Mutations in KIT are most frequently seen in certain melanoma subtypes, particularly acral lentiginous melanoma (melanoma of the palms, soles, and nail beds), mucosal melanomas, as well as those melanomas associated with extensive sun damage. In those patients treatment with KIT inhibitors such as imatinib and sunitinib has been reported to be beneficial.
- Imatinib (brand name Gleevec) is approved for the treatment of chronic myeloid leukemia and Gastrointestinal Stromal Tumors (GIST). Tumor shrinkage has been reported in melanoma patients with KIT mutations and multiple Phase II trials are currently testing imatinib alone or in combination with chemotherapy for this group of patients.
- Nilotinib (brand name Tasigna) is approved for the treatment of chronic myeloid leukemia and is currently being tested in melanoma patients with KIT mutations.

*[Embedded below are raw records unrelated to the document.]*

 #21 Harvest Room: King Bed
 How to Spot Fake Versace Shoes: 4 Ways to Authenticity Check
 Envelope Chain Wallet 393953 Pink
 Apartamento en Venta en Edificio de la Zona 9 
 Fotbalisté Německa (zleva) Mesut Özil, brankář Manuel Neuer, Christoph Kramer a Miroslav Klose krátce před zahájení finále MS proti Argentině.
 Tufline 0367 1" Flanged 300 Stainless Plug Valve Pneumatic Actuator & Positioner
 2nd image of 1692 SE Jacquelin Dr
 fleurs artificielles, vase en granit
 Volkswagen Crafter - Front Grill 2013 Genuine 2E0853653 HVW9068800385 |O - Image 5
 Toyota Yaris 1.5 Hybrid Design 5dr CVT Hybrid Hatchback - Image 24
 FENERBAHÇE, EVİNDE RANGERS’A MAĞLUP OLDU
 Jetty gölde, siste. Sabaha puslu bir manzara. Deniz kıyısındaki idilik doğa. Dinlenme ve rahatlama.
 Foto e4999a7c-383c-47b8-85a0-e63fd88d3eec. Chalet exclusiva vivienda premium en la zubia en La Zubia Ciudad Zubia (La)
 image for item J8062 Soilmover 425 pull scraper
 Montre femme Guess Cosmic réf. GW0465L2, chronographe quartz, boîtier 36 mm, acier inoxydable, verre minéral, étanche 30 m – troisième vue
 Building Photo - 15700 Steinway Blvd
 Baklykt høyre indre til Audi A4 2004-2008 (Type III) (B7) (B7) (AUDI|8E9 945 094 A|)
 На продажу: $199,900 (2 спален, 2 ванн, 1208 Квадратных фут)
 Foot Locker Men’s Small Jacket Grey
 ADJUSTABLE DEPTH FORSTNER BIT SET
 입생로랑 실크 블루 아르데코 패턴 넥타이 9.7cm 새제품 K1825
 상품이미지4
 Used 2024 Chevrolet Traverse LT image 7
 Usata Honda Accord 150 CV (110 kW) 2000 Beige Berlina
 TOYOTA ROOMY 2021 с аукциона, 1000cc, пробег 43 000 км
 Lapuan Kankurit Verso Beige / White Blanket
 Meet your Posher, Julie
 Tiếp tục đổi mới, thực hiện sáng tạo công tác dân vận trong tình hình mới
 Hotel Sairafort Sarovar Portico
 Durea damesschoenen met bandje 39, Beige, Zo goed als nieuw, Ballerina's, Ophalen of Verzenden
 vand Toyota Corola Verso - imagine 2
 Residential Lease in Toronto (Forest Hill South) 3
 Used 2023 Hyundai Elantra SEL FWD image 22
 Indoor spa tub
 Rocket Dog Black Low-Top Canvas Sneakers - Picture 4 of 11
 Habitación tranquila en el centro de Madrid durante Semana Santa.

- Dasatinib (brand name Sprycel) is approved for chronic myeloid leukemia and is being tested in multiple Phase II trials for melanoma patients with KIT mutations.
Other Targets with Potential in Melanoma
Several other pathways and targets are currently being explored in melanoma. The following is a list of some targets for which drugs are being tested in early phase clinical trials: CDK2, CDK4, and ERBB4.